Your instructions: Go to the line holding "River View by" in the data below. Return it and each line after it through the last, exactly, and skip the pictures.

Given data:
____________
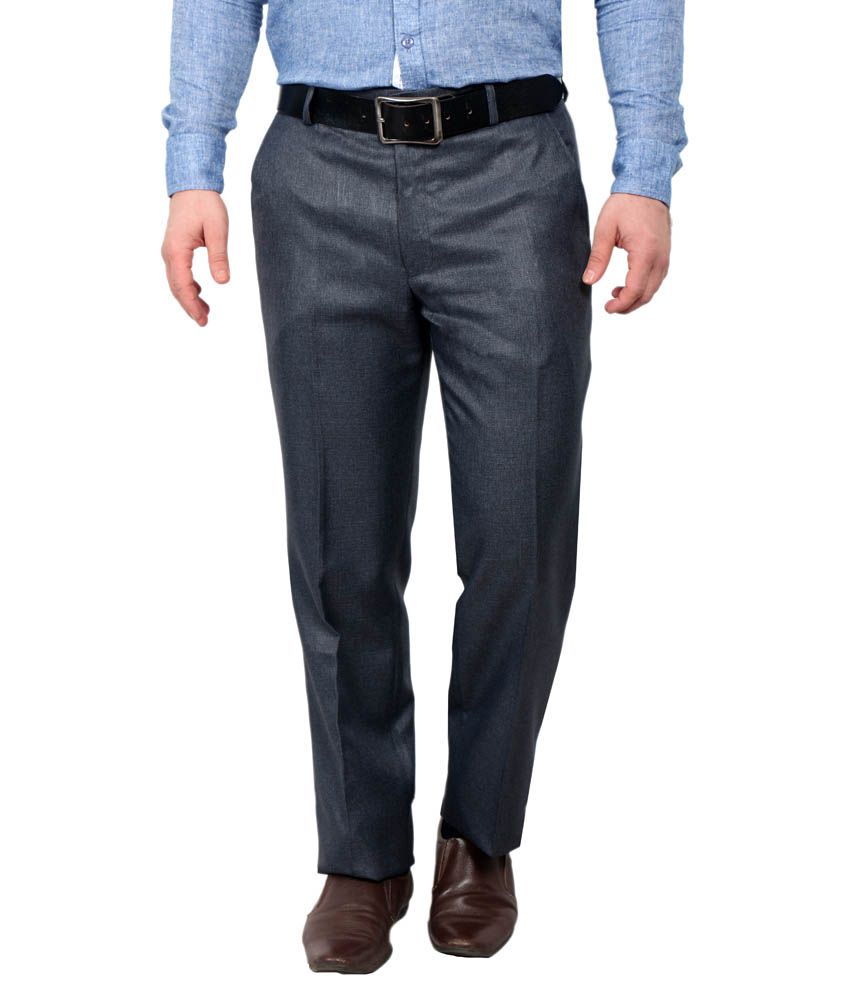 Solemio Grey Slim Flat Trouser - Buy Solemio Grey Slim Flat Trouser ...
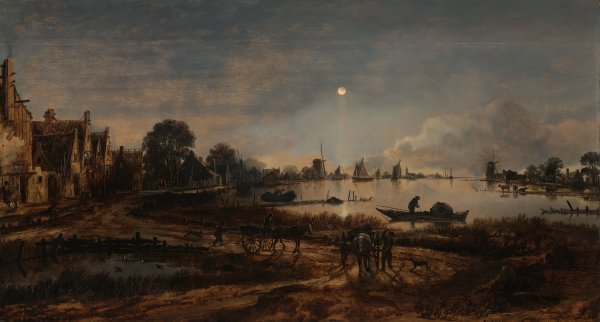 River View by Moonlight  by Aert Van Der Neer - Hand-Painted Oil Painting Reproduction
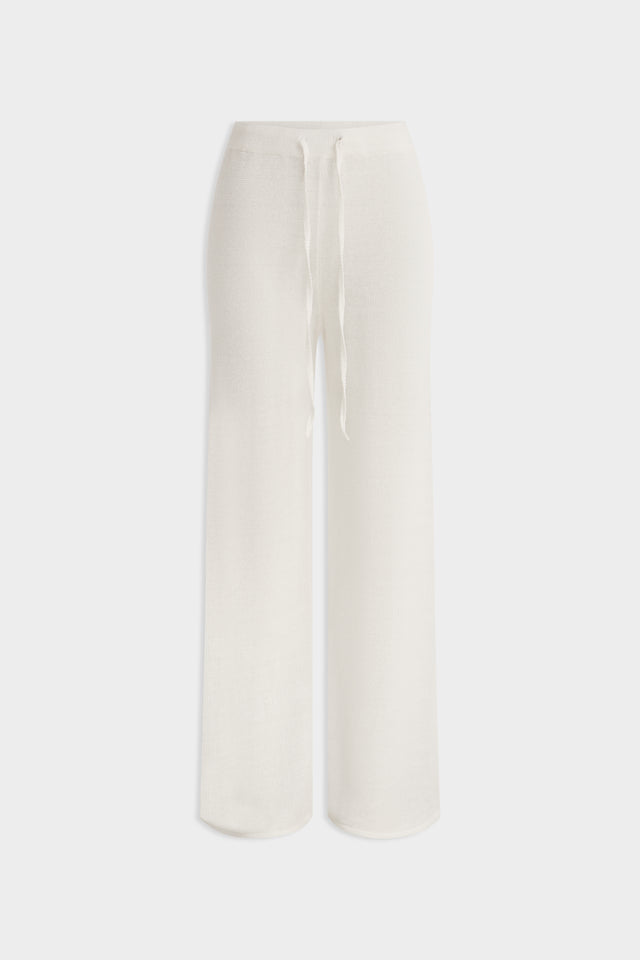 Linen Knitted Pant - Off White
____________
Result of the exercise:
 River View by Moonlight  by Aert Van Der Neer - Hand-Painted Oil Painting Reproduction
 Linen Knitted Pant - Off White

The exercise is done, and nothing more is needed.